Theegala then began a series of scrambling that would make the difference in the championship. He birdied the 11th without seeing the fairway; parred the 12th without seeing the fairway; hit what looked like a perfect gutsy tee shot on the par-3 13th, but the ball trickled past the hole and into the back fringe in high rough, leading to a bogey. He then put his tee shot on 14 against the lip in a fairway bunker, powered the shot out, and hit a flop wedge to six inches for par.
On 15 his 90-yard wedge missed the green, but again pitched the ball to a foot for par. On 16 he pushed his tee shot into the right trees, and his second shot hit a tree and ricocheted back into the bushes, from where he took a free drop from a cart path; he then punched his third shot short of the green, chipped on and one-putted for bogey.
“I was hitting the ball in some of the worst places possible,” Theegala said. “I was all over the place, and saving pars from places I thought no way was going to happen.”
On 18, the uphill par-5, he watched as Lee birdied to tie him. Knowing he needed to make birdie for the win, his second shot landed in the right greenside bunker. He couldn’t get up and down, and the two walked back to the 18th tee for the playoff.
Theegala shot 6-over 78 in today’s round. When asked if he thought he could win a tournament by shooting a 78 in the final round, he said with a laugh, “No way.”

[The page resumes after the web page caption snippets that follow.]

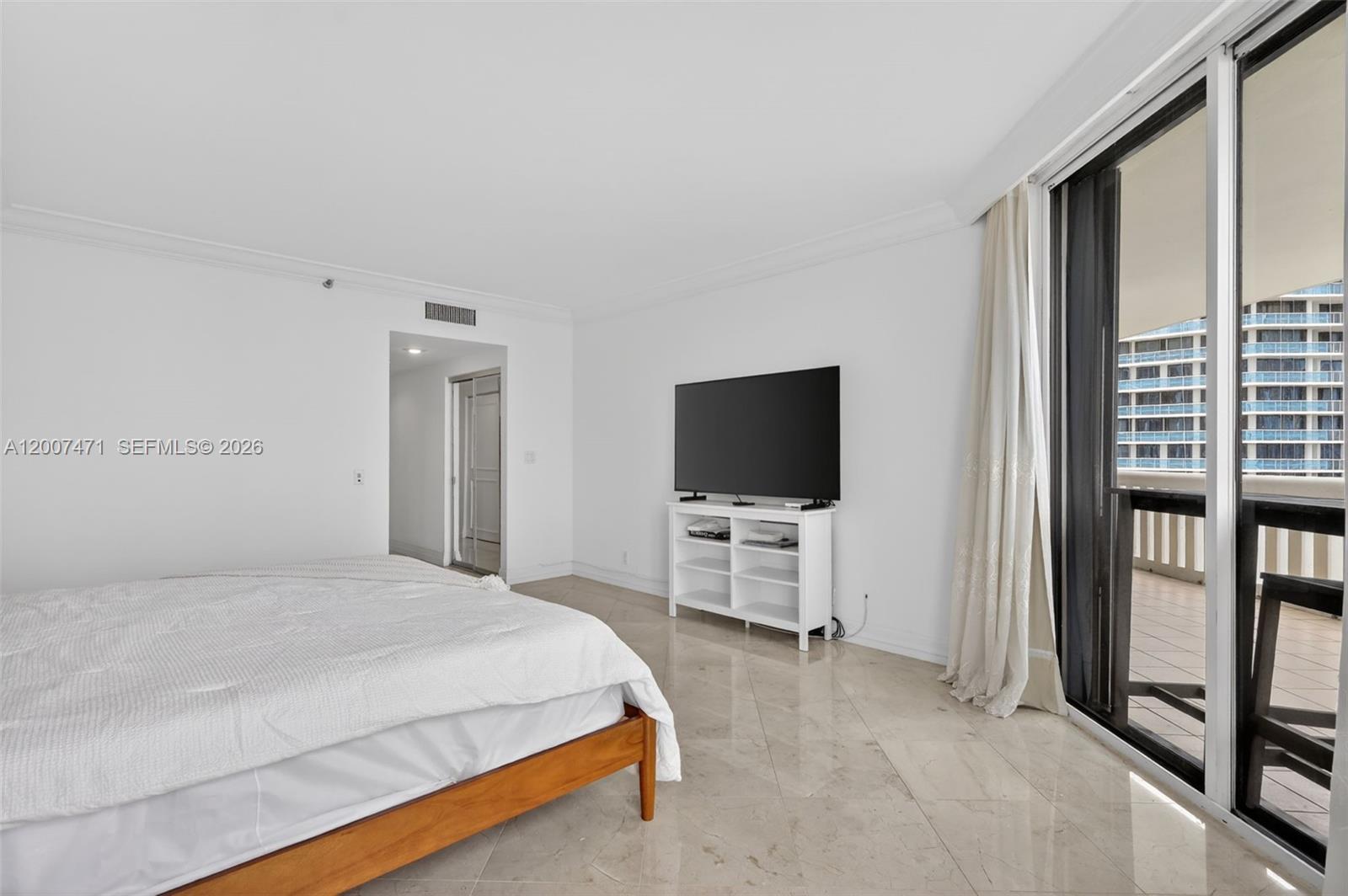 3000 Island Blvd #2305, Aventura FL 33160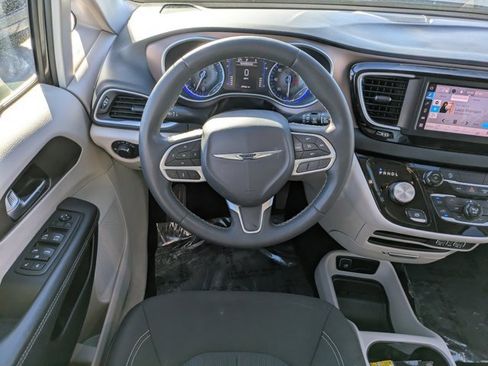 Used 2023 Chrysler Voyager LX image 14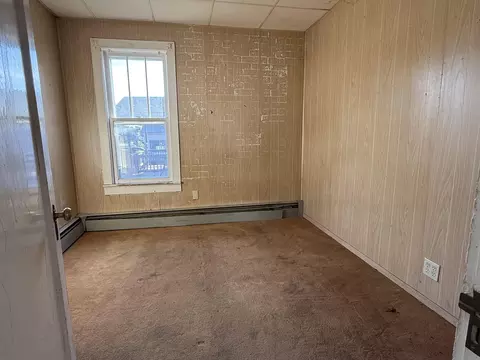 124 S B St, Cheboygan, MI 49721 photo 9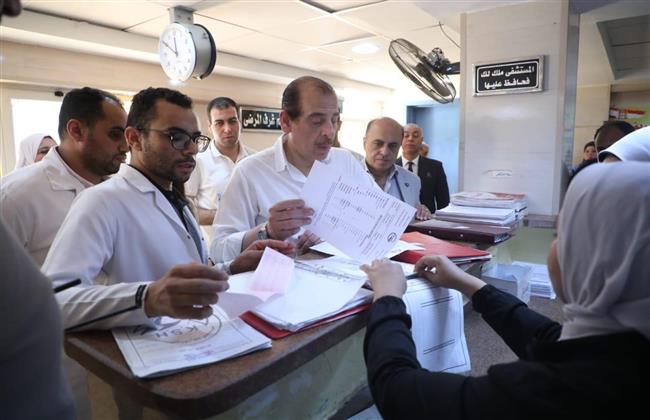 نائب وزير الصحة يتفقد مستشفى الخارجة التخصصي وصدر الخارجة لتعزيز الخدمات الصحية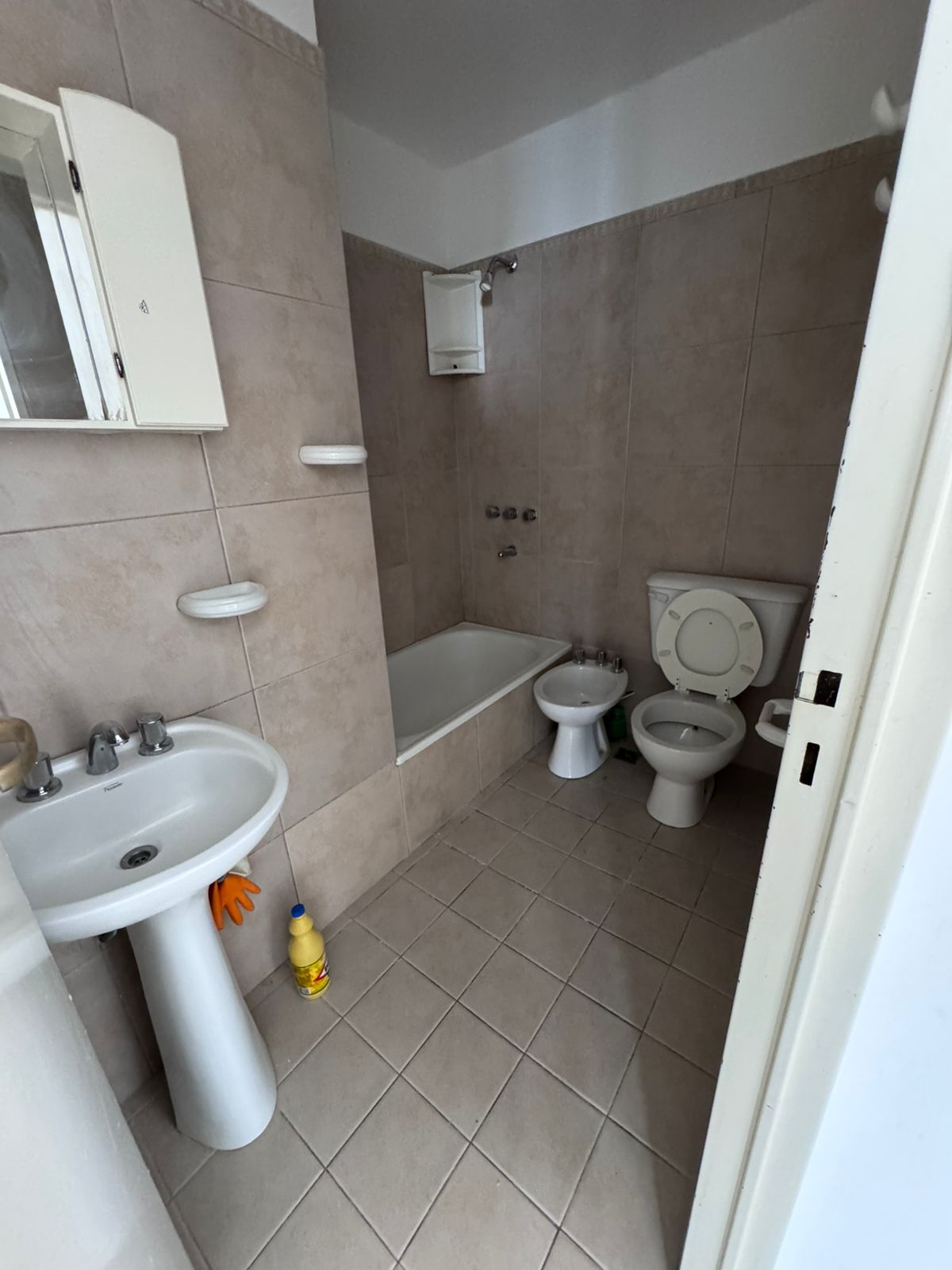 DEPARTAMENTO ALQUILER 1 DORMITORIO ALBERDI DENA FUNES 836 BALCON COCINA SEPARADA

Theegala is a rising junior at Pepperdine, finishing his sophomore year as WCC Co-Player of the Year and selected as semifinalist for the Jack Nicklaus Award. He qualified for this year’s U.S. Open at Erin Hills, and in two weeks will compete in the 51st Pacific Coast Amateur Championship, being held at Chambers Bay in University Place, Wash.
Lee was the only player in the 66-man field to break par in today’s final round. He was the first-round leader, opening with a 4-under 68.
“At the end of the day, I’m happy to have been in the position I was in,” Lee said, after the playoff. “To start the round so far behind and come back like I did, that’s something. I knew the scores were not going to be low, and I knew if I could just stay somewhere around par, I might have a shot.”
Lee, still just 18, has won the 2016 U.S. Junior Amateur, and also won the 2017 Western Australia Amateur for the second time (he also won it in 2015), and was a finalist in the 2017 Australian Amateur.
Click here for complete hole-by-hole scores.
Click here for a complete list of competitive bios of the players who competed in this year’s Sahalee Players Championship.
The SPC was rated an “A” event in the World Amateur Golf Rankings (WAGR) before taking a hiatus last year while the club hosted the KPMG Women’s PGA Championship, and each year the event draws an international field of the finest amateur players.
Five of the previous 13 SPC champions have gone on to win the Ben Hogan Award, given to the nation’s top collegiate golfer and the list of previous SPC participants now playing on the PGA Tour continues to grow each year.
Past champions of this prestigious amateur championship include Kyle Stanley, Casey Martin, Peter Uihlein, Nick Taylor, Daniel Summerhays, Ryan Moore, Chris Williams, Arron Oberholser and Jason Gore, among others, all of whom would go on to win on the PGA or European tours. The SPC scoring record at Sahalee is the 16-under 272 (68-69-68-67) shot in 2004 by Moore, a native of Puyallup, Wash.
Sahalee Country Club has been the site of the SPC since 1992, and has hosted numerous top-level events in golf, including the 1974 PNGA Men’s Amateur, 1978 Pacific Coast Amateur, 1998 PGA Championship, 2002 WGC-NEC Invitational, 2010 U.S. Senior Open, and 2016 KPMG Women’s PGA Championship.